Data records

::::

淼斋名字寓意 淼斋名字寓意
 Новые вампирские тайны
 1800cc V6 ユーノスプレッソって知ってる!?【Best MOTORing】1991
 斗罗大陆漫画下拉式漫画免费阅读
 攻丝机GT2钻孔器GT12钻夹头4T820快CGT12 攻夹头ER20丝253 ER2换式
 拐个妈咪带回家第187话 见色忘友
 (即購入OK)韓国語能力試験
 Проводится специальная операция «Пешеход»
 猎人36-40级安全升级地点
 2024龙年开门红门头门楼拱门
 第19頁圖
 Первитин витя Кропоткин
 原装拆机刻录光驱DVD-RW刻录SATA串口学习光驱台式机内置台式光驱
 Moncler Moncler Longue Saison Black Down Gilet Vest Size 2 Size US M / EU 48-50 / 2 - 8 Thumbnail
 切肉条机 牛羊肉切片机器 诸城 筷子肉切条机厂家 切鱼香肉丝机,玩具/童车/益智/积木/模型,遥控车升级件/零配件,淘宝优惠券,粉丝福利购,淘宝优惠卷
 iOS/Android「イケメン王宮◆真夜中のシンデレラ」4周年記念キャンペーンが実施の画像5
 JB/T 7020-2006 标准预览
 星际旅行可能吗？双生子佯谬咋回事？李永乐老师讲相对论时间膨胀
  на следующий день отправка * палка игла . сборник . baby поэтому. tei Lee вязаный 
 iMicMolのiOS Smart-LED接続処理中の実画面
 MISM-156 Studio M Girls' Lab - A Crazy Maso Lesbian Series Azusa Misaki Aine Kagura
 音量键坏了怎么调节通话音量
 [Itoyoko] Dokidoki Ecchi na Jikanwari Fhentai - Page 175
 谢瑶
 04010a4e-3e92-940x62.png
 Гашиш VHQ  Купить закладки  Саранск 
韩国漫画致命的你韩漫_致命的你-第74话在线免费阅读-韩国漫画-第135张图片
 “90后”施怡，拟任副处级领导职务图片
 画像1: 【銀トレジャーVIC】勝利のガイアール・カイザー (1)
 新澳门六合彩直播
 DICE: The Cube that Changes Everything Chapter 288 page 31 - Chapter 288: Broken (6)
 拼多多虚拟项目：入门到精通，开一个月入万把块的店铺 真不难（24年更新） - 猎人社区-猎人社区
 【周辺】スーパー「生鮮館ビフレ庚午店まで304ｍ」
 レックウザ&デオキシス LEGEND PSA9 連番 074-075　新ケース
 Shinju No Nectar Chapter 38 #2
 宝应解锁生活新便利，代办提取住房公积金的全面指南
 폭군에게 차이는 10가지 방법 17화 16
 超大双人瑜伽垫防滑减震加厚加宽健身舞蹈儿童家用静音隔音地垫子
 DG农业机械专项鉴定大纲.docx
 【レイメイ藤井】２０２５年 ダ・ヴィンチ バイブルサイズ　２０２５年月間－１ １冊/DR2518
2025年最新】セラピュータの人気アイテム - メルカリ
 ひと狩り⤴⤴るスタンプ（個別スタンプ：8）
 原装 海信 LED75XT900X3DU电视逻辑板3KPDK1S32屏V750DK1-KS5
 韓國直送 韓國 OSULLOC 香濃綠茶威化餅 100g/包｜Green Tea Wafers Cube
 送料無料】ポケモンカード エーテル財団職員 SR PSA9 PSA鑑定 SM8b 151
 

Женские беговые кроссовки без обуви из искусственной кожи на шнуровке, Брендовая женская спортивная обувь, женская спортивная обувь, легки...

::::

Your objective: Nothing in the records may be altered; restate them word for word.

Problem solution:
淼斋名字寓意 淼斋名字寓意
 Новые вампирские тайны
 1800cc V6 ユーノスプレッソって知ってる!?【Best MOTORing】1991
 斗罗大陆漫画下拉式漫画免费阅读
 攻丝机GT2钻孔器GT12钻夹头4T820快CGT12 攻夹头ER20丝253 ER2换式
 拐个妈咪带回家第187话 见色忘友
 (即購入OK)韓国語能力試験
 Проводится специальная операция «Пешеход»
 猎人36-40级安全升级地点
 2024龙年开门红门头门楼拱门
 第19頁圖
 Первитин витя Кропоткин
 原装拆机刻录光驱DVD-RW刻录SATA串口学习光驱台式机内置台式光驱
 Moncler Moncler Longue Saison Black Down Gilet Vest Size 2 Size US M / EU 48-50 / 2 - 8 Thumbnail
 切肉条机 牛羊肉切片机器 诸城 筷子肉切条机厂家 切鱼香肉丝机,玩具/童车/益智/积木/模型,遥控车升级件/零配件,淘宝优惠券,粉丝福利购,淘宝优惠卷
 iOS/Android「イケメン王宮◆真夜中のシンデレラ」4周年記念キャンペーンが実施の画像5
 JB/T 7020-2006 标准预览
 星际旅行可能吗？双生子佯谬咋回事？李永乐老师讲相对论时间膨胀
  на следующий день отправка * палка игла . сборник . baby поэтому. tei Lee вязаный 
 iMicMolのiOS Smart-LED接続処理中の実画面
 MISM-156 Studio M Girls' Lab - A Crazy Maso Lesbian Series Azusa Misaki Aine Kagura
 音量键坏了怎么调节通话音量
 [Itoyoko] Dokidoki Ecchi na Jikanwari Fhentai - Page 175
 谢瑶
 04010a4e-3e92-940x62.png
 Гашиш VHQ  Купить закладки  Саранск 
韩国漫画致命的你韩漫_致命的你-第74话在线免费阅读-韩国漫画-第135张图片
 “90后”施怡，拟任副处级领导职务图片
 画像1: 【銀トレジャーVIC】勝利のガイアール・カイザー (1)
 新澳门六合彩直播
 DICE: The Cube that Changes Everything Chapter 288 page 31 - Chapter 288: Broken (6)
 拼多多虚拟项目：入门到精通，开一个月入万把块的店铺 真不难（24年更新） - 猎人社区-猎人社区
 【周辺】スーパー「生鮮館ビフレ庚午店まで304ｍ」
 レックウザ&デオキシス LEGEND PSA9 連番 074-075　新ケース
 Shinju No Nectar Chapter 38 #2
 宝应解锁生活新便利，代办提取住房公积金的全面指南
 폭군에게 차이는 10가지 방법 17화 16
 超大双人瑜伽垫防滑减震加厚加宽健身舞蹈儿童家用静音隔音地垫子
 DG农业机械专项鉴定大纲.docx
 【レイメイ藤井】２０２５年 ダ・ヴィンチ バイブルサイズ　２０２５年月間－１ １冊/DR2518
2025年最新】セラピュータの人気アイテム - メルカリ
 ひと狩り⤴⤴るスタンプ（個別スタンプ：8）
 原装 海信 LED75XT900X3DU电视逻辑板3KPDK1S32屏V750DK1-KS5
 韓國直送 韓國 OSULLOC 香濃綠茶威化餅 100g/包｜Green Tea Wafers Cube
 送料無料】ポケモンカード エーテル財団職員 SR PSA9 PSA鑑定 SM8b 151
 

Женские беговые кроссовки без обуви из искусственной кожи на шнуровке, Брендовая женская спортивная обувь, женская спортивная обувь, легки...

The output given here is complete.